Город необычайно красив. Поистине — Северная Пальмира.
— Ты пойди на Невский, — советовала она брату.— Нет, поезжай на набережную, на Адмиралтейский променад… Разве это Петербург? — она презрительно указывала в сторону окна, из которого виднелась их убогая Коломна. — Петербург там…
Восторги сестры были так красноречивы и заразительны, что Пушкин, смеясь, называл её Иоанном Златоустом и обещал незамедлительно обегать весь город. Ему и самому не терпелось поскорей увидеть всё. Его тянуло на улицы, к людям. Каждый день поутру он убегал из дому.

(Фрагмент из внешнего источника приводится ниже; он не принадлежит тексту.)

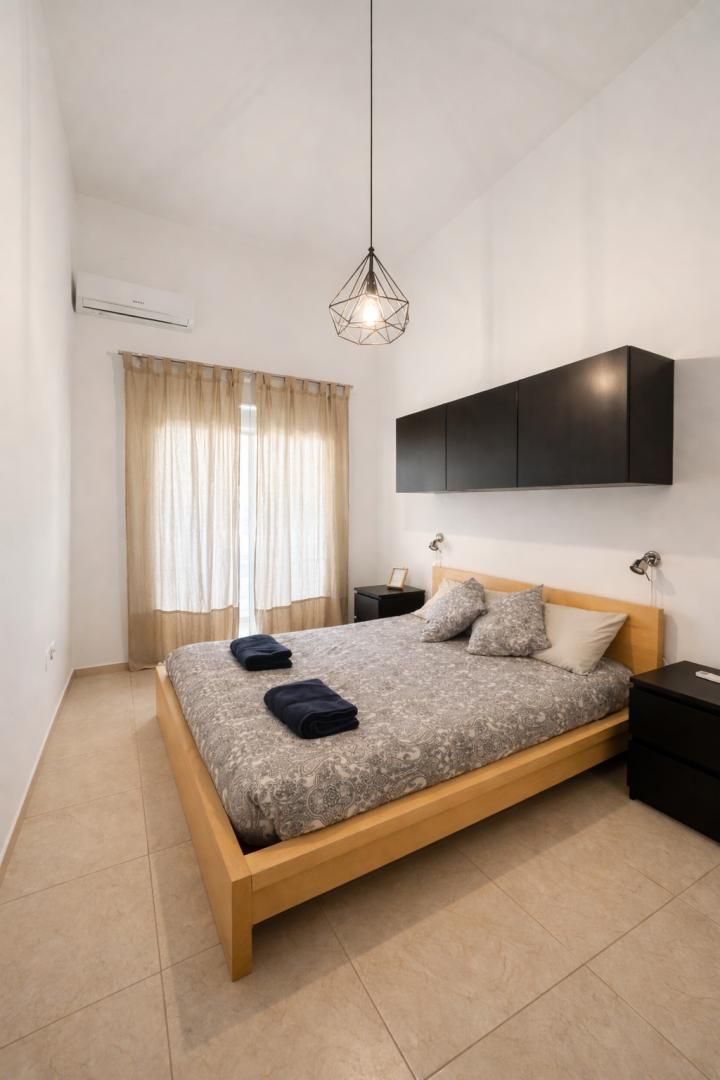 Bedroom of Flat to rent in Güímar  with Air Conditioner, Swimming Pool and Furnished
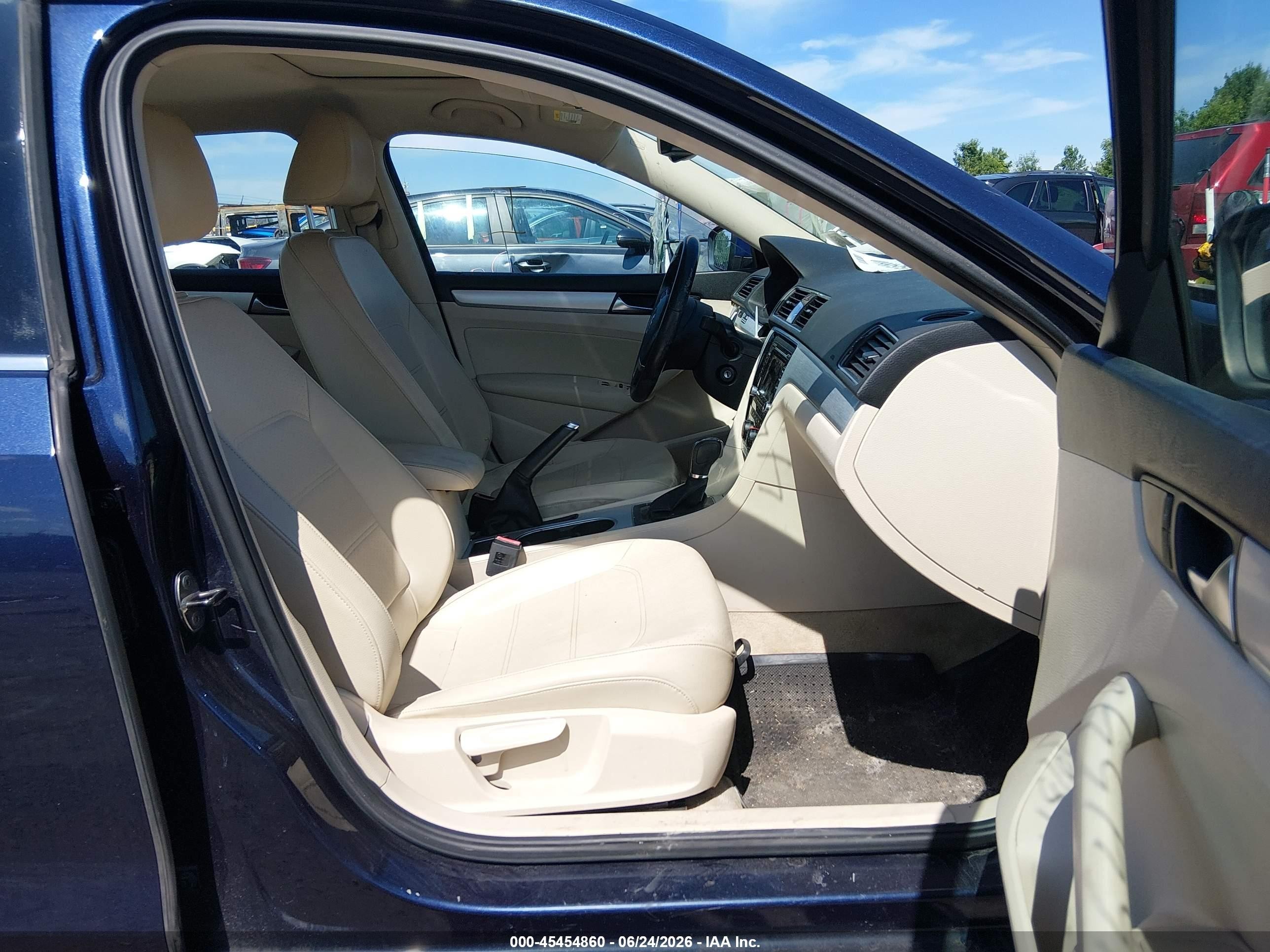 2013 Volkswagen Passat 2.0l Tdi Se vin: 1VWBN7A39DC042227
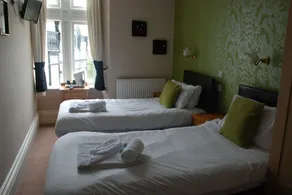 Laurel Cottage - Image 2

С Петербургом знакомился заново. Те детские впечатления, которые сохранились в его памяти, были не в счёт. Теперь он новыми глазами смотрел вокруг. За несколько лет, что провёл он в Лицее, Петербург вырос и ввысь и вширь, похорошел. То там, то здесь, вытесняя старые деревянные домишки, поднимались новые каменные дома. В два, три, а то и в четыре этажа. Бородатые мужики, пропитанные запахами деревни, заполонили город. Они рыли землю, тесали камень, укладывали кирпичи. Каменщики пришли из Вологодской и Ярославской губерний, плотники — из Костромской, землекопы — из Олонецкой.
После победного завершения войны с Наполеоном столица самой могущественной в Европе страны бурно строилась. Во вновь образованный Комитет строения и гидравлических работ вошли выдающиеся зодчие: Карл Иванович Росси, Василий Петрович Стасов. Тот самый Стасов, который так искусно приспособил под Лицей один из флигелей Царскосельского дворца.
Комитет строения рассматривал проекты всех построек, возводимых в Петербурге — от частных «обывательских» домов до общественных зданий. Всё должно было быть на самом высоком уровне. Равняться было по чему — Зимний дворец, Биржа, Казанский собор, Адмиралтейство…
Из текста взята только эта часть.